Em maio, fracassou no Senado a tentativa de estender o Regime Diferenciado de Contratação às licitações públicas em geral. A iniciativa, promovida entre outros pela senadora Gleisi Hoffmann, ex-titular da Casa Civil do governo Dilma, pegava carona na MP 630, que permitia o uso da modalidade na construção de presídios do Maranhão, mas foi felizmente barrada. Na época, críticos do RDC argumentaram que a MP atropelava um projeto de lei presente no Senado, o PL 559, que modernizaria toda a legislação das concorrências públicas, desde a lei 8666, de 1993. O PL 559 começou a tramitar nas Comissões, e lá está o RDC, integralmente ressuscitado e em boa forma.

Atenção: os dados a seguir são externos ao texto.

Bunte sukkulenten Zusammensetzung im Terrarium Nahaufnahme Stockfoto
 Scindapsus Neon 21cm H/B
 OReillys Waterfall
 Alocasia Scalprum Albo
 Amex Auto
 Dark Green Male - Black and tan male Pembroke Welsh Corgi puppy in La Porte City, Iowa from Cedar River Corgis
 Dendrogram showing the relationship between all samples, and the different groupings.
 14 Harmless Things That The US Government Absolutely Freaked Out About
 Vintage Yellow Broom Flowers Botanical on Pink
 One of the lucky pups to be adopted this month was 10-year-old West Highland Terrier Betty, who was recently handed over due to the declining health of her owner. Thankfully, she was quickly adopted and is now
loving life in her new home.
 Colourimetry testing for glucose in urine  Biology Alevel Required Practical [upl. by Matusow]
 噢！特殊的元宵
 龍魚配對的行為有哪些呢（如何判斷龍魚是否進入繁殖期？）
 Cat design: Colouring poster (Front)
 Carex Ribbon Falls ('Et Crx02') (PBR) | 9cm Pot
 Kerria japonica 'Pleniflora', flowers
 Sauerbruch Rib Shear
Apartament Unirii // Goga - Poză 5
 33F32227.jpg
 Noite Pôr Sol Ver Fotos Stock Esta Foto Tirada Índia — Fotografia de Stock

A contratação integrada, típica do RDC, inverte a lógica usual das licitações, nas qual o governo submete em geral um projeto básico à concorrência, onde diz que obra quer e até quanto está disposto a pagar. Como os projetos básicos tem sido muito criticados pela qualidade técnica, e todo o processo licitatório é muito lento, os mentores do RDC resolveram atacar os dois problemas de uma vez. A definição da contratação integrada no PL é diz tudo: “o contratado fica responsável pela elaboração e desenvolvimento dos projetos completo e executivo, pela execução de obras e serviços de engenharia….e por todas as demais operações necessárias e suficientes para a entrega final do objeto, com remuneração por preço global”.

O regime nortearia as licitações das obras públicas mais caras, de infraestrutura, definidas como “de grande vulto ou majoritariamente dependentes de tecnologia nitidamente sofisticada e de domínio restrito”, acima de R$ 100 milhões.

As críticas à extensão desse regime são conhecidas. Pelo novo esquema, o administrador público não saberá o que está comprando, pois o projeto executivo é o que rege a questão e define a obra, mas ele será feito também pelo executante da obra. O governo terá depois de gerir essas obras por décadas, diferentemente das concessões, amargando prejuízos caso elas não sejam perfeitamente executadas. O anteprojeto, que substitui o projeto básico no RDC, muda de nome mas não de competência. Se o governo possui projetos básicos muito ruins, o que faria imaginar que os anteprojetos fossem diferentes?

Aplicado ao PAC e às obras da Copa, o RDC não foi a panaceia contra atrasos, superfaturamentos, desperdício de recursos etc. e muito menos, como alguns otimistas chegaram a dizer para defender sua generalização, trouxe substancial economia de gastos para o governo.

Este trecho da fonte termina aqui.